We believe our students must develop intellectual, creative, communicational, informational, and intercultural skills and sensibilities needed in today's globalized world.

Our students are:

  • intellectually challenged to acquire and demonstrate a profile of academic excellence,
  • required to engage in collaborative teamwork with their peers and diverse communities,
  • fully aware of and committed to the best practices of social responsibility, and
  • value the importance of engaging in a life-long development of their imaginations.

BCLA graduates emerge as women and men of strong heart, individuals characterized by their intellectual preparation, compassionate teamwork with others, and on-going practices of engaged citizenship.

Mission

The Bellarmine College of Liberal Arts embodies the wider University goals of liberal education and commitment to Roman Catholicism and the Judeo-Christian traditions.

Our courses represent the heart of the University's core curriculum for all undergraduates.

Our curriculum liberates the mind, nourishes the spirit, and cultivates creativity for the challenges of today and tomorrow.

We support and reflect the University’s core values of

  • social justice
  • education of the whole person
  • faith
  • intercultural understanding

An intellectual understanding and human practices of these values are incorporated into all BCLA department and program goals, student learning outcomes, coursework, and career pathways.

About St. Robert Bellarmine

Roberto Francesco Romolo Bellarmino (1542-1621) was a distinguished Italian Jesuit and Cardinal of the Catholic Church. Born at Montepulciano, he was the son of noble, although impoverished, parents, Vincenzo Bellarmino and his wife Cinzia Cervini, who was the sister of Pope Marcellus II. He was one of the most important figures of the Counter-Reformation. Canonized in 1930, he was declared a Doctor of the Universal Church the following year.

St. Bellarmine spent most of his life writing as a controversialist for the Roman Catholic Church. All his writings were highly respected and used extensively by and in the Church itself. His works covered a wide variety of subjects from an apologetic of the Roman Catholic position, Disputationes de Controversiis Christianae Fidei adversus hujus temporis Haereticos (Ingolstat 1588-93), to writing about the power of the pope.
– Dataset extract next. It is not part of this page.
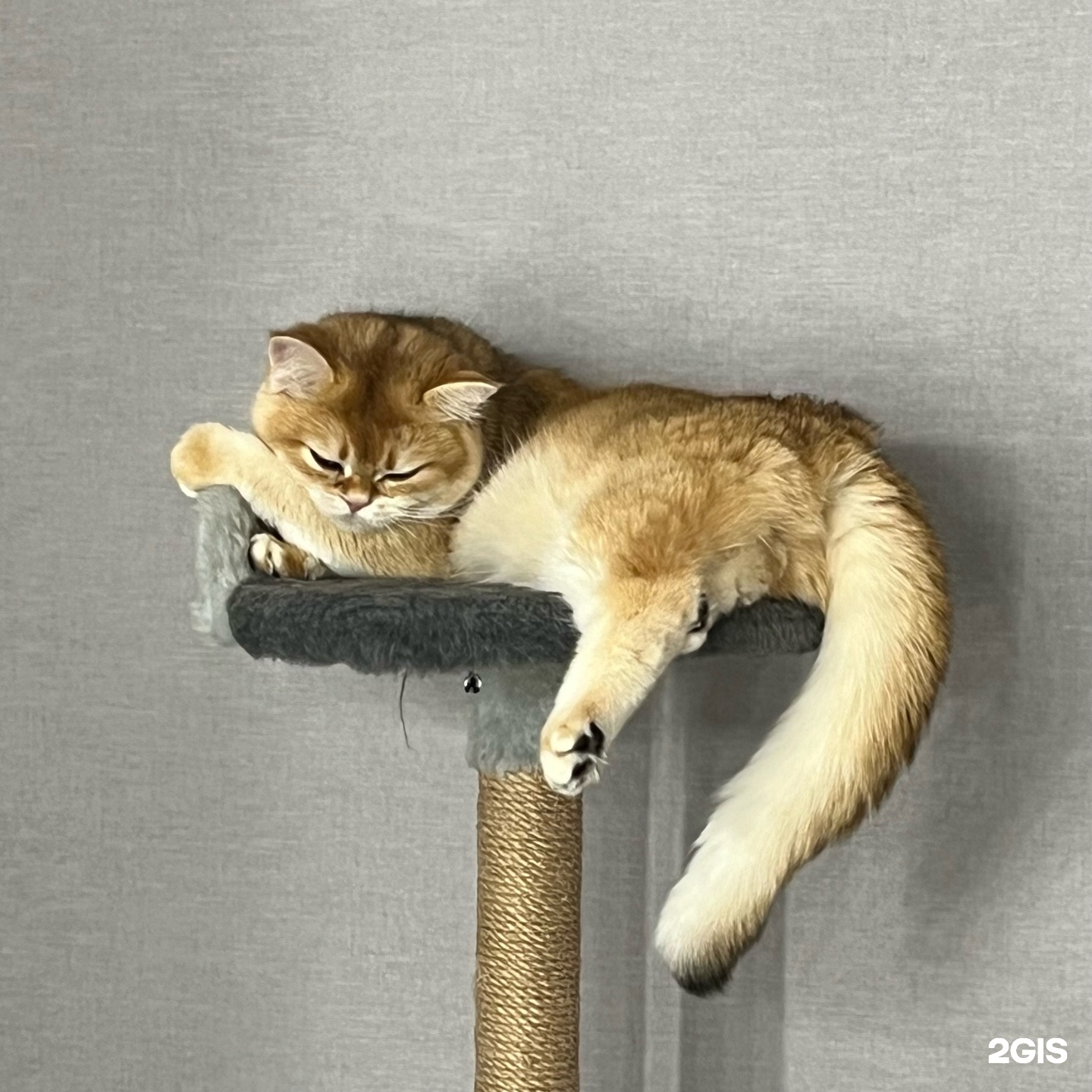 Биовет, ветеринарная клиника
No topic, even criticism of his own leadership, was out of the reach of Bellarmine and his writing.

His book, Controversies, was carried by Roman Catholic missionaries on their journeys, and he also wrote catechisms for children and teachers. At the end of his life Bellarmine published three more essential works, In omnes Psalmos dilucida esposito (Rome 1611), De gemitu columbae (Rome 1615), and De arte bene moriendi (Rome 1620; translated as The Art of Dying Well) which he intended to serve as guides for ordinary people in their spiritual life.